Influence of arc constriction current frequency on tensile properties and microstructural evolution of tungsten inert gas welded thin sheets of aerospace alloy

Abstract

The main objective of this investigation is to study the influence of arc constriction current frequency (ACCF) on tensile properties and microstructural evolution of aerospace Alloy 718 sheets (2 mm in thickness) joined by constricted arc TIG (CA-TIG) welding process. One variable at a time approach of design of experiments (DOE) was used, in which ACCF was varied from 4 to 20 kHz at an interval of 5 levels while other parameters were kept constant.
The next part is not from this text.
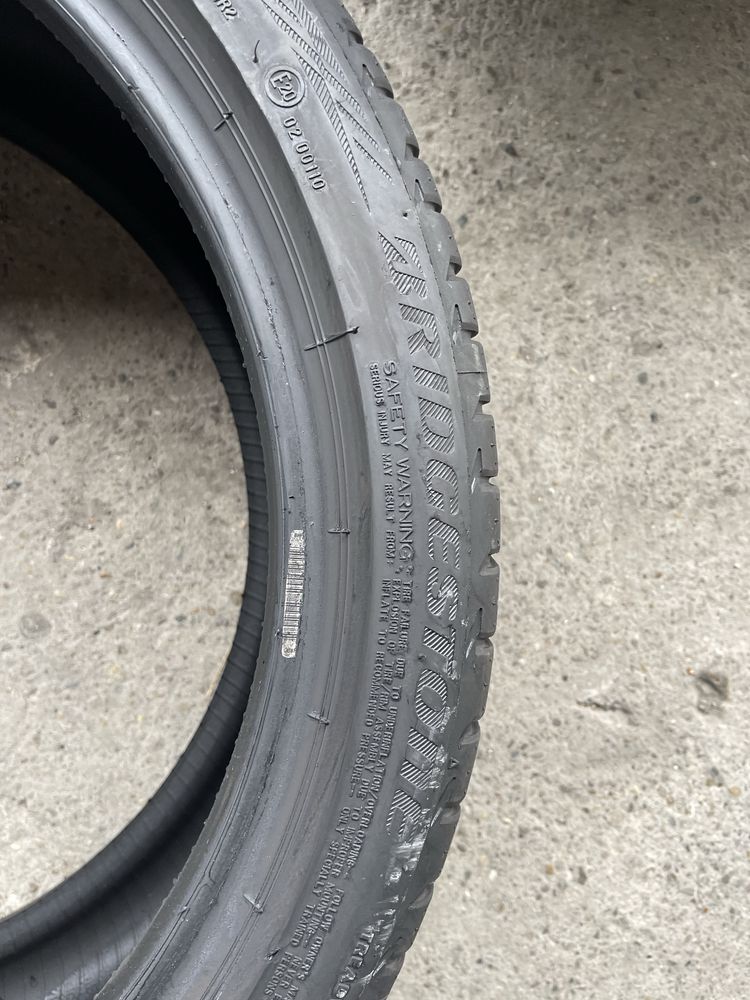 4 anvelope de vara Bridgestone 235/40/19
The joints welded using ACCF of 4 kHz exhibited superior tensile properties extending joint efficiency up to 99.20%. It is attributed to the grain refinement in fusion zone leading to the evolution of finer, discrete Laves phase in interdendritic areas. An increase of ACCF above 12 kHz caused severe grain growth and evolution of coarser Laves phase in fusion zone. Alloy 718 welds showed more obvious tendency for Nb segregation and Laves phase formation at higher levels of ACCF due to the slower cooling rate. The volume fraction of Laves phase was increased by 62.31% at ACCF of 20 kHz compared to that at 4 kHz, thereby reducing the tensile properties of joints. This is mainly due to the stacking of heat input in weld thermal cycles at increased levels of ACCF.